THE TASK: Keep each entry exactly as written when you repeat it, and skip the images.

LISTED ENTRIES:
********

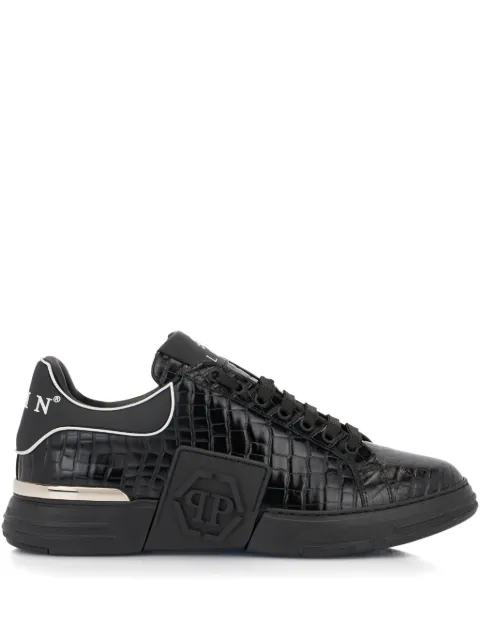 Philipp Plein Phantom Kick$ Cocco embossed low-top sneakers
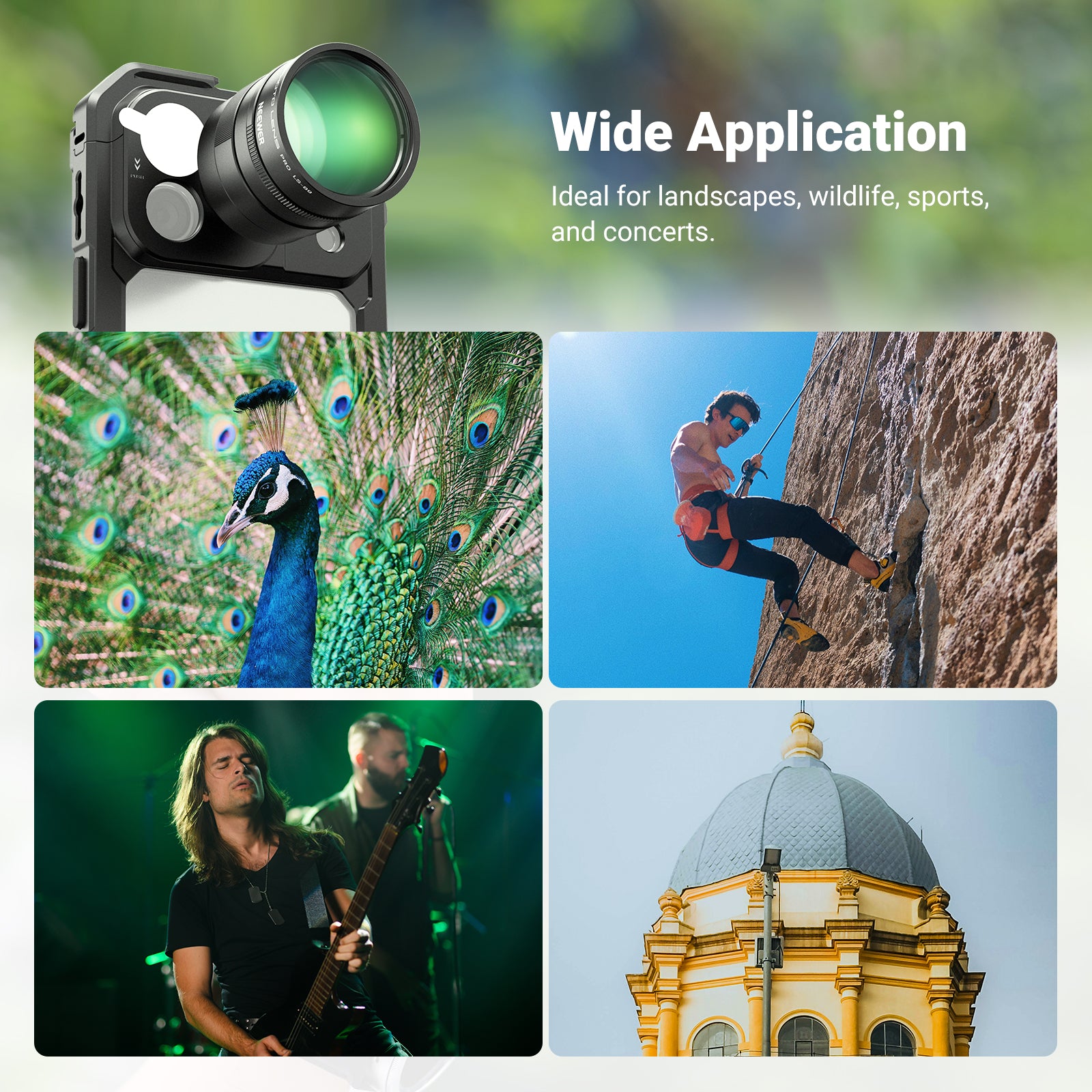 NEEWER LS-89 3X Teleconverter for Phone Telephoto Lens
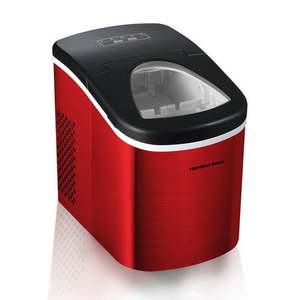 lot 60223 image: Hamilton Beach 26 lbs. Ice Maker HBIC3000 Red Stainless Steel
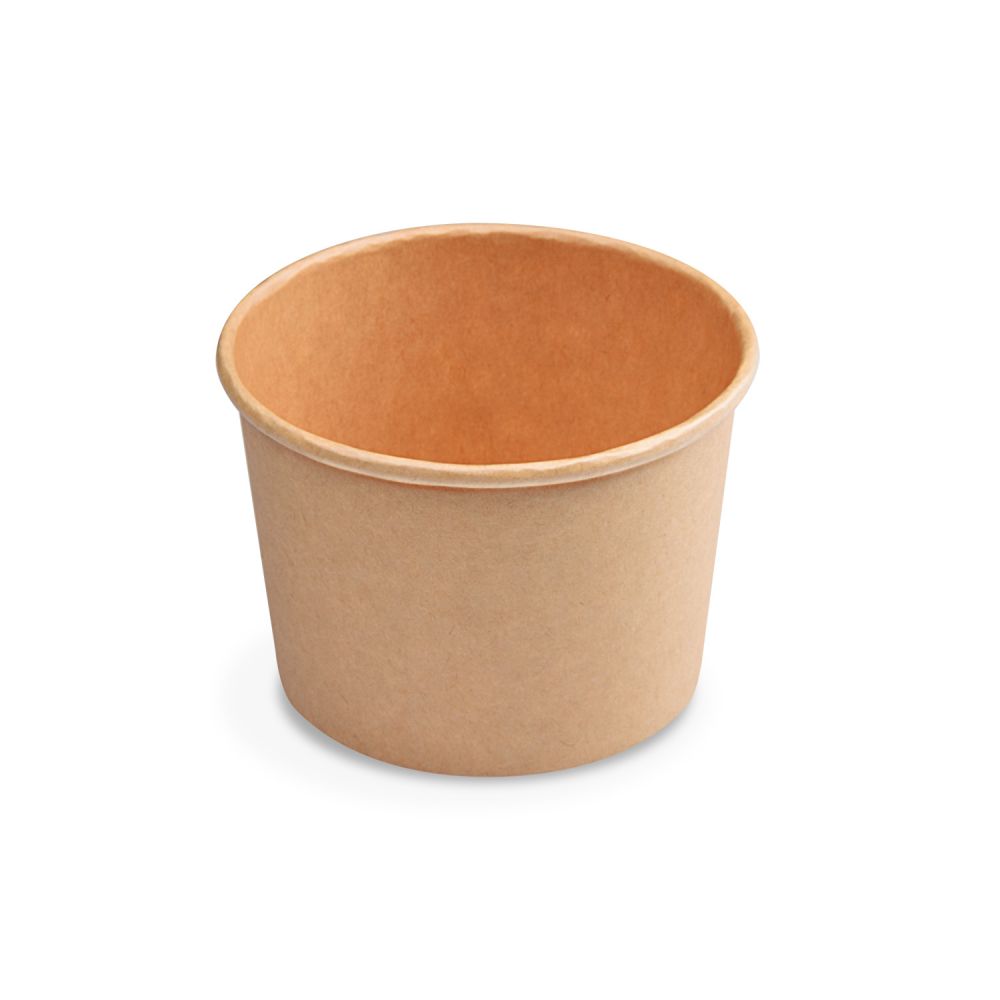 Papírová miska (FSC Mix/PE) kraft Ø115mm 500ml `M` [50 ks]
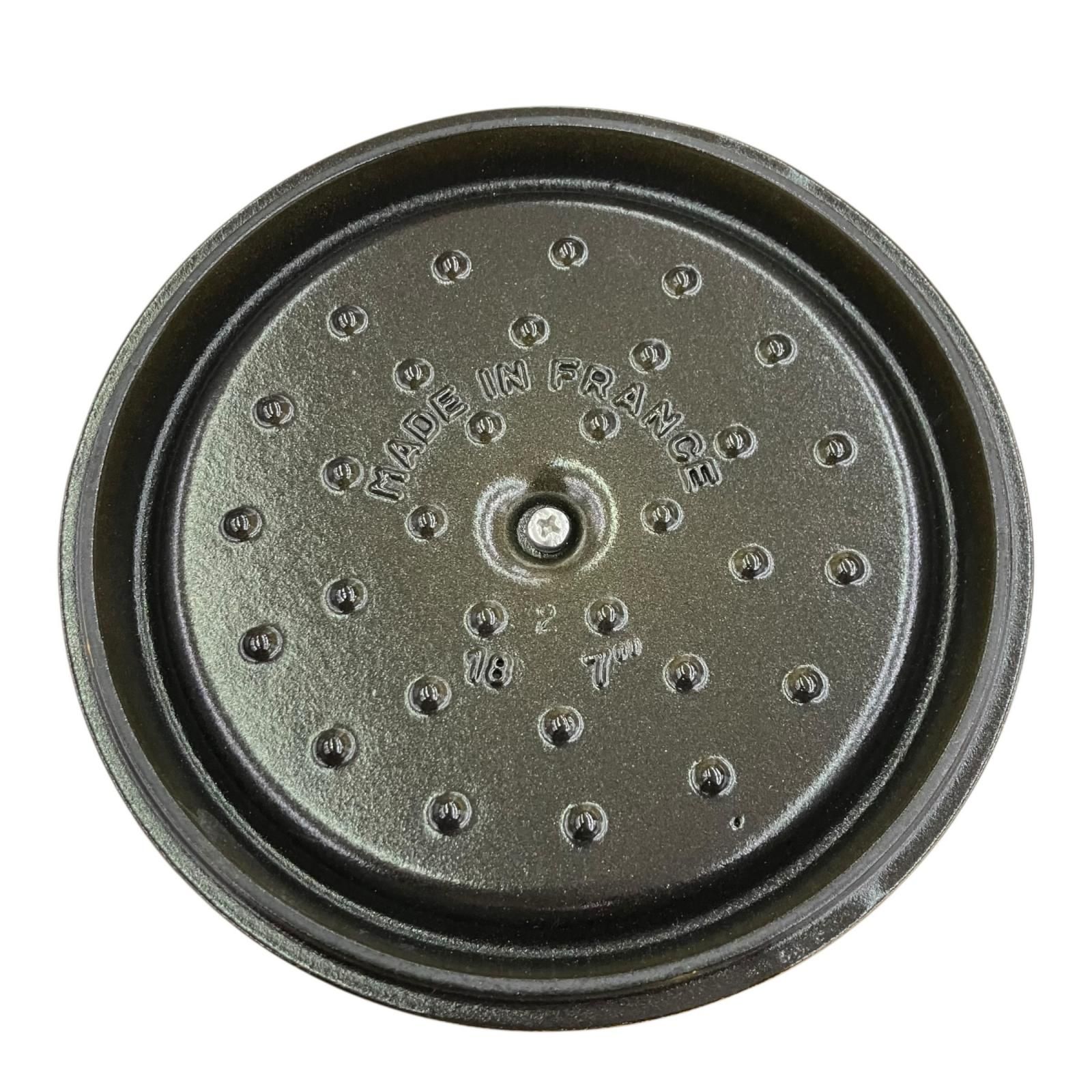 186000 Staub ストウブ ピコココット ラウンド 18cm マスタード - メルカリ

********

SOLUTION TO THIS PROBLEM:
 Philipp Plein Phantom Kick$ Cocco embossed low-top sneakers
 NEEWER LS-89 3X Teleconverter for Phone Telephoto Lens
 lot 60223 image: Hamilton Beach 26 lbs. Ice Maker HBIC3000 Red Stainless Steel
 Papírová miska (FSC Mix/PE) kraft Ø115mm 500ml `M` [50 ks]
 186000 Staub ストウブ ピコココット ラウンド 18cm マスタード - メルカリ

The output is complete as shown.